Aims Our objective for this thesis is to show how cosmology can help and benefit from other areas of physics because there is a mutual interest in tackling problems at the interface between cosmology and other areas of physics. Methods In the first part of the thesis, I devoted myself to the development of an emulator in order to be able to quickly and easily implement the effect of massive neutrinos on the clustering of dark matter halos. For that I used the HADES numerical simulations to calibrate the bias (a very useful quantity in cosmology which describes the relation between the clustering of dark matter and the different observables). By combining the result of these calibrations with a software which makes it possible to calculate the perturbative terms of the power spectrum, I was able to develop a competitive emulator up to non-linear scales. Secondly, I devoted myself to the study of globular clusters in a cosmological context. I used a catalog of clusters provided by the HST telescope in the F606W and F814 filters. After removing the clusters with poor photometry, I performed a Bayesian analysis which allowed me to constrain the various parameters common to stars in the same cluster.
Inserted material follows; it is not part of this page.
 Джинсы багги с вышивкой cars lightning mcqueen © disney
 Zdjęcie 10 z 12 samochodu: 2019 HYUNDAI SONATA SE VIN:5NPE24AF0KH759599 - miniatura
Models that describe stellar evolution, like the ones I used for the analysis, are often defined for a given set of parameters that vary from model to model. Therefore to reduce the systematic errors due to the use of a specific stellar model, I studied the influence of the parameters governing the different evolutionary phases of stars with the MESA software.
Results The work carried out within the framework of the realization of an emulator, allowed us to highlight important results such as: even if the shape of the bias must be calibrated using numerical simulations, its amplitude can be simply rescaled by a factor proportional to the mass of the neutrinos or the combination of pre-computed coefficients with a software calculating the perturbative terms can be fast enough to be implemented in Monte Carlo sampling softwares. On the other hand, the estimate of the age of the globular clusters that we obtained, coupled with some hypotheses on the time of galaxy formation makes it possible to put a lower limit on the age of the universe. After the reduction of the systematic errors, the age of the universe is thus compared to those obtained from the inference of cosmological parameters of various surveys. With our current precision it is not yet possible to discard any of the measurements at odds (namely Planck or SHOES) in the H0 tension but the results are very promising.
Conclusion Through this thesis I wanted to show that physics and more particularly cosmology could benefit from its interplay with other fields. With a better modeling of the effect of massive neutrinos it will be possible to both improve the inference of cosmological parameters and precisely constrain the mass of neutrinos (for the moment inaccessible to particle physics). A rigorous analysis of globular clusters also offers an estimate of the age of the universe almost independent of a cosmological model which is very valuable in this period of tension when the cosmological paradigm is questioned and challenged.